Comme Pline l’Ancien (1), ils ne doutaient pas qu’elle était la version terrestre et synchrone de la "petite chienne", une étoile très brillante de la constellation du Grand Chien (alias Sirius de nos jours). Dans l’Empire, toutes les idées circulaient librement, et de la Grèce à l’Égypte, l’intuition que "tout ce qui est en bas est comme tout ce qui est en haut" sous-tendait les croyances hétérogènes.


 

Ne pouvant rien contre les caprices des astres, à l’occasion de cette fête, pour le flatter - on ne sait jamais -, ils célébraient Neptune, le dieu des eaux douces, des sources et de toutes les humidités, version dessalée de Poseïdon, le dieu grec des mers du peuple de marins qu’ils avaient colonisé.

Et puis, ils comptaient aussi, prudemment, sur leurs propres forces, et ils organisaient eux-mêmes l’ombre (avec des tonnelles en feuillages) et l’eau (en creusant des puits ou en canalisant des eaux courantes) pour lutter contre ses méfaits.

À Bologne, c’est Neptune le patron, même entouré d’églises et de basiliques.


 


 

Depuis sa conception par l’architecte Tommaso Laureti en 1563, et sa réalisation par le sculpteur flamand Jean de Boulogne de Douai, dit Giambologna, en 1566, à la gloire d’un pape, jusqu’à nos jours, le vieux dieu païen figure la ville catholique, ses banques et ses touristes -, si la ville demeure rouge, les modernes, descendants des anciens, ne s’embarrassent pas de pureté idéologique.


 


 

Mais, jusqu’à présent, les anciens comme les modernes s’étaient toujours souciés de l’eau.
Car à Bologne, au centre des terres, il n’y a pas de fleuve, juste un torrent originel, l’Aposa.

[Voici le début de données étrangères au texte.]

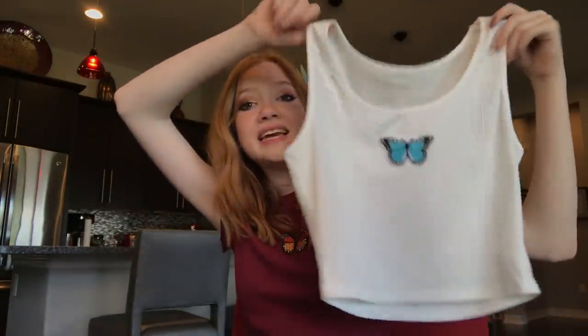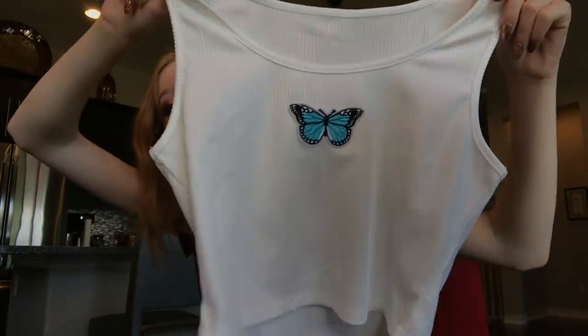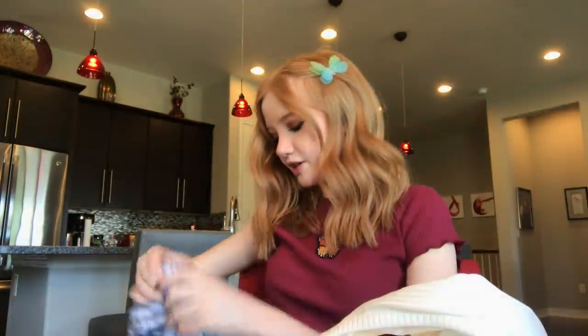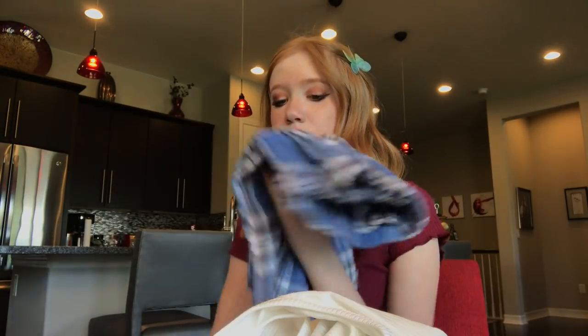This one is a crop top and shorts set. The top is a basic cropped muscle shirt with a really pretty blue butterfly — my favorite type of butterfly. The shorts are plaid flannel blue shorts, so adorable and so soft I could sleep in these.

Dès l’Antiquité - sous Auguste -, on construisit un aqueduc venant du torrent Setta plus lointain. Puis l’ingéniosité des architectes médiévaux détourna les eaux des torrents en une multitude de canaux artificiels reliant la ville au Pô et à la mer Adriatique, au point que la ville fut appelée "Piccola Venezia".


 

Aujourd’hui, ils sont souterrains, les canaux, il y a des visites organisées.
Et WWF alerte sur le dangereux abandon total des lieux, envahis par les déchets. (2)


 

Emblème de ce souci de l’eau, la fontaine de Neptune avait été construite pour usage public sur une place publique et il fallut régulièrement la protéger contre les incivilités ou les bombardements.


 

Les protections - en 2018, il était en cage - et les restaurations étaient - et sont encore toujours - l’objet d’ardentes polémiques démocratiques.


 


 


 

C’est qu’il s’est souvent agi, aussi, pendant des siècles, de censurer son indécence.
Entouré de ses créatures (des sirènes pulpeuses, des angelots, des dauphins, des chevaux), accueillant courtoisement les oiseaux, le bon gigante (Żigànt, en dialecte) outrepasse ses prérogatives traditionnelles, et déborde vers la préoccupation principale du genre humain. Giambologna voulait donner au dieu de dignes attributs virils, ce fut interdit par l’Église, il contourna la censure par la ruse, et par un ostensible déplacement vers le féminin (ça passe toujours mieux).


 


 

Aujourd’hui, après sa dernière réfection de 2018, il est tout beau et reluisant, Nettuno, sans barrière de protection, et la petite fontaine à ses pieds désaltère les passants disciplinés.


 

De nouveau, le peuple de la rue, les étudiants, les amoureux, les hippies, les clodos, les militants, se donnent rendez-vous sur ses marches. Et ce qu’on voit, mieux que jamais, même immédiatement censuré par Facebook, fait sourire. Un ordre tranquille semble régner.


 

Mais les astres, puis les dieux, et enfin les humains, on voit bien qu’au cours des âges, les responsabilités se sont diluées dans de sombres eaux dormantes et polluées (bien connues du calcul égoïste). La plaine du Pô s’assèche, il pleut de moins en moins. Partout le désert et le sel gagnent.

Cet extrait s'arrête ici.